Borys Budka jest przewodniczącym partii i szefem klubu do czasu tych nowych wyborów i to jest bardzo czytelne
— dodał.
Schetyna nie odpowiedział jednoznacznie na pytanie o to, czy Borys Budka jest dobrym szefem partii.
Ma trudny czas, bo jest po wyborach parlamentarnych i musi być autorem jako lider PO - największej partii opozycyjnej - nie tylko pomysłu na same PO i KO, ale na całą opozycję
— podkreślił.
CZYTAJ TAKŻE: NASZ WYWIAD. Budka powinien ustąpić? Mężydło: „Według mnie tak powinno być. Dalej miałby swoją rolę, ale nie szefa”
Rafał Trzaskowski i jego ruch
Pytany o ewentualną rolę w polskiej polityce „Nowej Solidarności” Rafała Trzaskowskiego Schetyna stwierdził, że jest zwolennikiem ścisłej współpracy na opozycji.

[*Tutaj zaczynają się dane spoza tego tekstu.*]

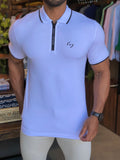 Polo Masculina Regular Armani Exchange com Zíper Branca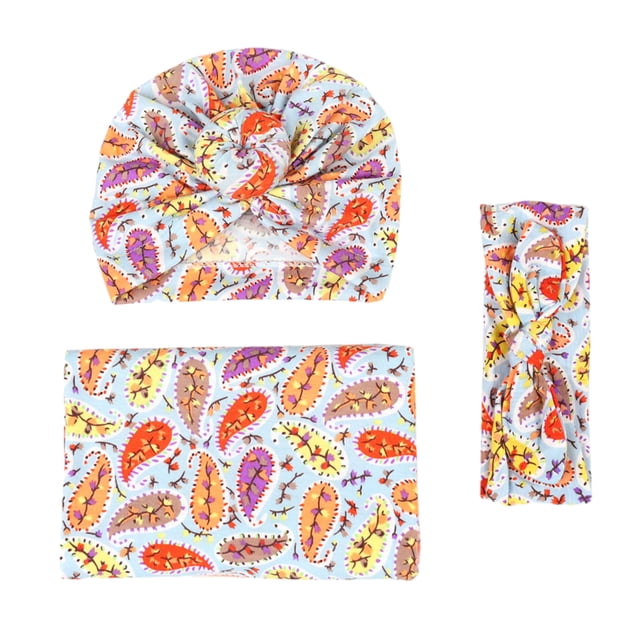 Newborn Swaddle Printed Wrap Quilt Photography Wrap Cloth + Hat + Headband 3-Piece Set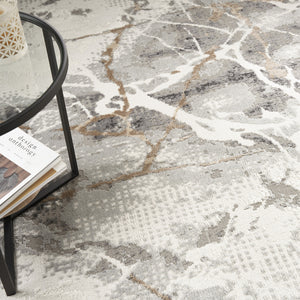 Homeroots 8' X 10' Ivory Black And Gray Abstract Non Skid Area Rug  Polypropylene,Polyester 550447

To zależy od tego planu, od przygotowania scenariuszy, który będzie egzekwował konieczną współpracę między środowiskami opozycyjnymi. Ja jestem zwolennikiem, zresztą przy budowaniu KO czy Koalicji Europejskiej mówiłem o tym i praktycznie wprowadzaliśmy to w życie - jak najwięcej współpracy, wspólnego budowania, mianownika, szukania tego co wspólne
— mówił.
Nie uważam, żeby dzisiaj najważniejszym problemem było logo, czy brand PO. Myślę, że trzeba pomyśleć o programie, o relacjach z innymi ugrupowaniami po stronie opozycyjnej. O nowych liderach, o nowym początku, bo to zawsze wymaga odświeżenia.
— dodał.
Tusk i Schetyna na emeryturze?
Były szef PO zaznaczył, że Platformie potrzebne są nowe twarze, ale również doświadczeni politycy.
Ja się nie uchylam i uważam, że doświadczenia tych ludzi którzy zakładali PO - Tuska, moje, nas wszystkich - powinny być wykorzystane, bo z nich wynika i te 20 lat funkcjonowania PO i wielka historia wyborczych zwycięstw
— podkreślił.
Uważam, że rola i pozycja Donalda Tuska w polityce nie tylko polskiej - jego popularność i historia - ale europejskiej, światowej, jest tak ważna, że nie można tego zrobić. Nikt tego nie robi. Jego wpływ nie jest zresztą jakiś szczególnie nachalny, bo on jest komentatorem.
— odpowiedział na sugestię, że część polityków PO chętnie wysłałoby Donalda Tuska na emeryturę.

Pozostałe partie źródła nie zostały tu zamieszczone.